Sie möchten Ihre Haare selbst färben und möchten die Gefahr für Ihre Haare dabei möglichst gering halten? Dieser Wunsch lässt sich leichter erfüllen, als Sie vielleicht glauben. Wenn Sie sich an einige Hinweise halten, wird es Ihnen schon bald nicht mehr schwerfallen Ihre Haare selbst zu färben und Sie können sich über das Ergebnis freuen.
- 23.05.2011 Annemarie Kremser
Was Sie benötigen
Dafür brauchen Sie beide Hände
- alte Kleidung
- Handschuhe
- alte Handtücher
- Haarfarbe
- Zeit
- Ruhe
- eventuell Hilfe von Freunden
So gelingt das Experiment mit Ihren Haaren
- Zuerst einmal ist es wichtig, dass Sie sich entscheiden, ob Sie Ihre Haare färben oder tönen möchten. Wenn Sie sich noch nie zuvor an Haarfarben herangewagt haben, ist es sinnvoller die Haare zuerst einmal zu tönen. Der Vorteil des Tönens liegt darin, dass die Farbe auswaschbar ist. Falls Sie also nicht überall gleich stark angeht oder Ihnen der Farbton nicht gefällt, müssen Sie diesen Zustand nicht allzu lange ertragen. Außerdem schädigt Tönen die Haare nicht so stark wie Färben, da die Farbe nicht in die Tiefen des Haares eindringt, sondern sich nur auf die Oberfläche legt.
- Achten Sie außerdem darauf qualitativ hochwertige Farben zu kaufen, da diese die Basis für ein schönes Ergebnis auf Ihren Haaren bilden. Besonders einfach anzuwenden sind beispielsweise Farben, die sich als Schaum auftragen lassen. In diesem Fall hält sich gerade die Gefahr bei Anfängern in Grenzen, da das Haarefärben bei diesen Farben fast wie Haarewaschen funktioniert.
- Je nachdem, ob Sie sich für eine Farbe oder Tönung entscheiden, hält die Farbe zwischen vier und 10 Haarwäschen oder sogar dauerhaft. Sie müssen sich jedoch darüber im Klaren sein, dass gerade dunkel gefärbte Haare sehr schwer wieder zu verändern sind. Überlegen Sie sich diesen Schritt deshalb gut, da das Herauswachsenlassen viel Zeit und Geduld in Anspruch nimmt.
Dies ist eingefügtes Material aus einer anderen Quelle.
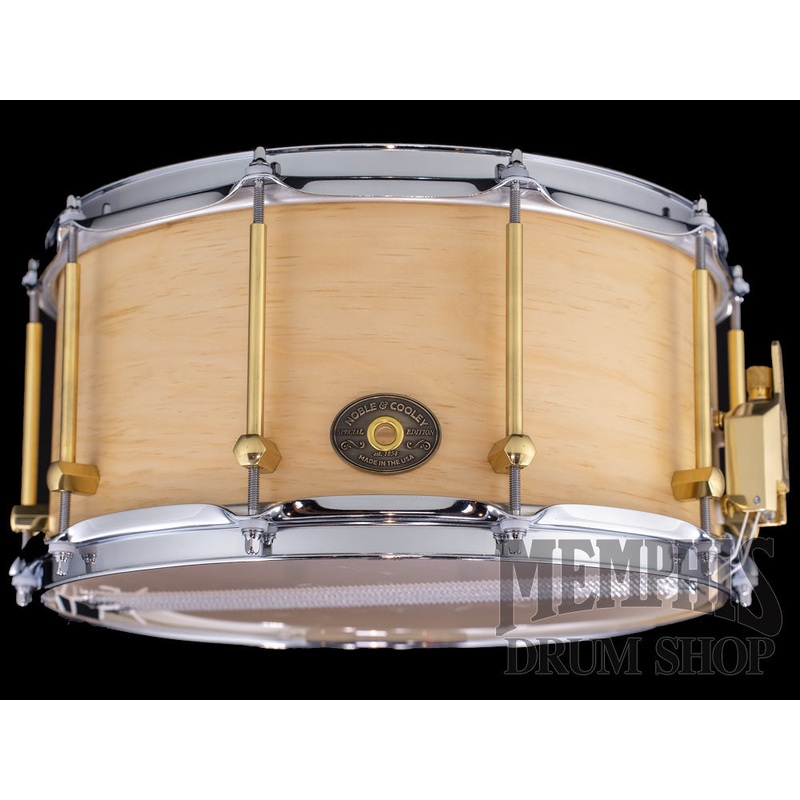 Noble & Cooley 14x7 Special Edition Solid Shell Classic Pine Snare Drum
So halten Sie die Gefahr beim Färben gering
- Bevor Sie beginnen Ihre Haare zu färben, sollten Sie einige Vorbereitungen treffen. Bekleiden Sie sich mit alter Kleidung, die schmutzig werden darf. Die Haarfarbe tropft meistens und kann unschöne Flecken auf der Kleidung hinterlassen. Legen Sie den Boden mit alten Handtüchern aus und legen Sie sich zusätzlich alte Handtücher bereit, mit denen Sie sich die frisch gefärbten Haare anschließend abtrocknen können. Außerdem sollten Sie von Anfang an Ihre Handschuhe tragen, um nicht mit den chemischen Farben in Berührung zu kommen.
- Achten Sie nun darauf die Haarfarbe möglichst schnell und gleichmäßig in Ihren Haaren zu verteilen. Je länger Sie warten, desto unterschiedlicher werden die Ergebnisse an der verschiedenen Stellen. Damit Sie wirklich alle Strähnen erwischen, ist es sinnvoll einen Kamm zum Verstreichen der Haarfarbe zu verwenden, nachdem Sie diese mit den Händen aufgetragen haben. Da die Haarsträhnen am Hinterkopf sehr schwer zu erreichen sind, können Sie sich hierbei Hilfe von Freunden einholen. Halten Sie sich bei der Einwirkzeit außerdem genau an die Anweisungen auf der Packung und spülen Sie Ihre Haare nach dem Färben aus, bis das Wasser klar ist. So vermeiden Sie unschöne Farbspuren auf Ihrem Kopfkissen.
- Um Ihre Haarfarbe nach den Färben möglichst lange und intensiv zu erhalten, sollten Sie außerdem auf Pflegeprodukte setzen, die speziell auf coloriertes Haar abgestimmt sind. Denken Sie auch daran, dass die Sonne Ihre Haare ausbleicht und diese somit heller werden. Spezielle Sprays können die Haare in der Sonne vor dem Ausbleichen schützen und sind gerade für den Urlaub am Strand zu empfehlen.